Step 5: Photo Advice letter
If your NSW firearm licence application is approved by the NSW Firearms Registry, a ‘Photograph Advice letter‘ will be mailed to you to
This letter will provide you with instructions on where you are to attend a Service NSW Centre to have your photo taken. Don’t forget to bring in your the Photograph Advice and proof of identity documents to the Service NSW Centre prior to the expiry date printed on the Photograph Advice, otherwise it won’t be valid.
Once you get your Photograph Advice it is valid for 60 days. If the Photograph Advice expires before you attend a Service NSW Centre, you will need to submit another application.
Once your photo is taken, the licence card will be sent to you in the mail.
Step 6: Purchasing your first firearm
Once you receive your NSW gun licence in the mail you can proceed in purchasing your first firearm.

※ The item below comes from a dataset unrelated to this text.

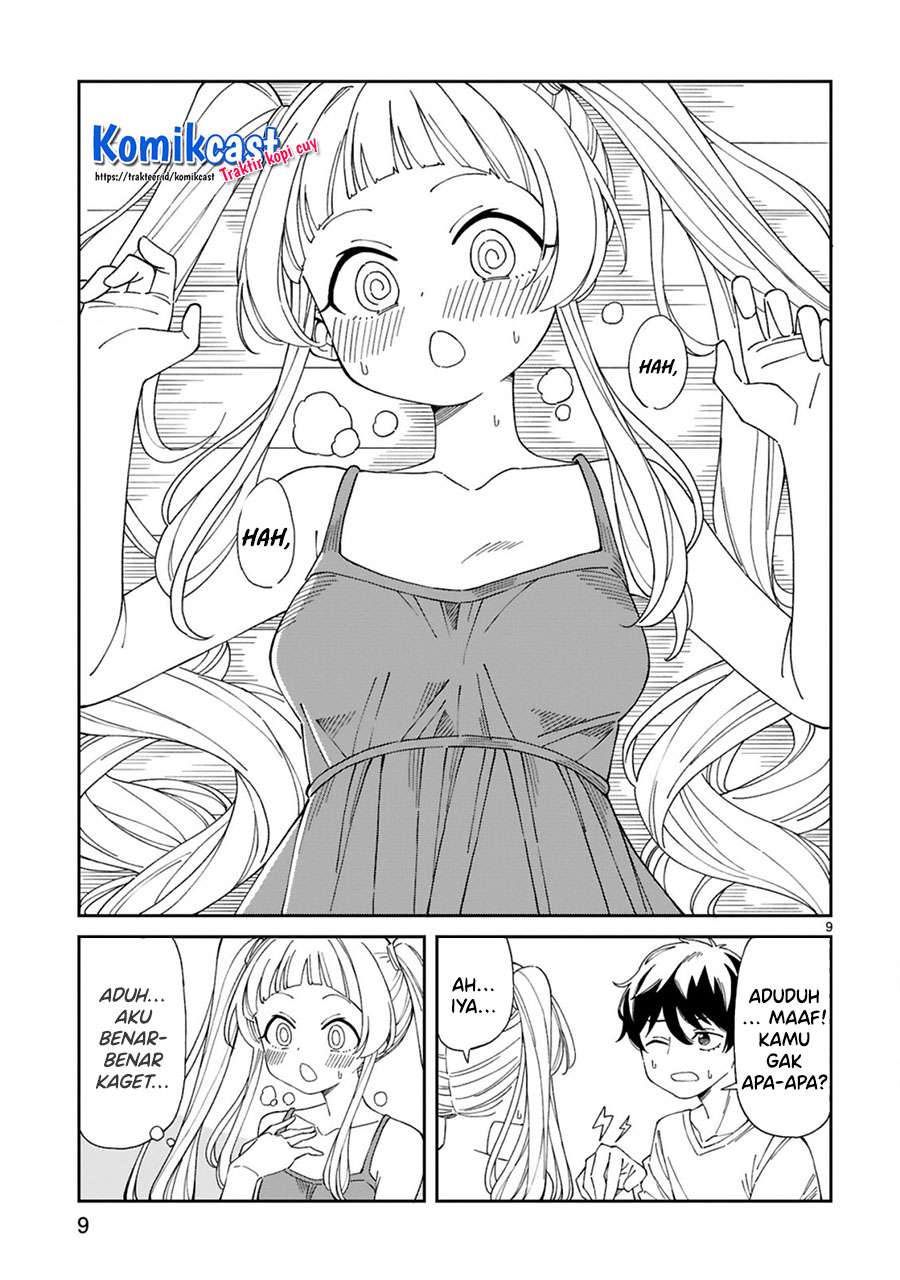 image-komik-arasaamama-no-watashi-de-ii-no-chapter-10-8/10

You can only purchase firearms, ammunition, firearm parts and firearm accessories if you have a current New South Wales firearms licence. That licence must allow you to carry and use those items. That is to say you will only be able to purchase a firearm or ammo as it relates the type of licence you obtained (category A, category B or both
Finally in order to purchase a firearm you must also have a Permit to Acquire issued by NSW Police.
If this is the first time you are purchasing a firearm there is a legal legislative requirement that enforces a 28 day waiting period from the date you buy the rifle. This means from the date you walk into a gun store and buy the rifle you will need to wait 28 days before you can pick it up.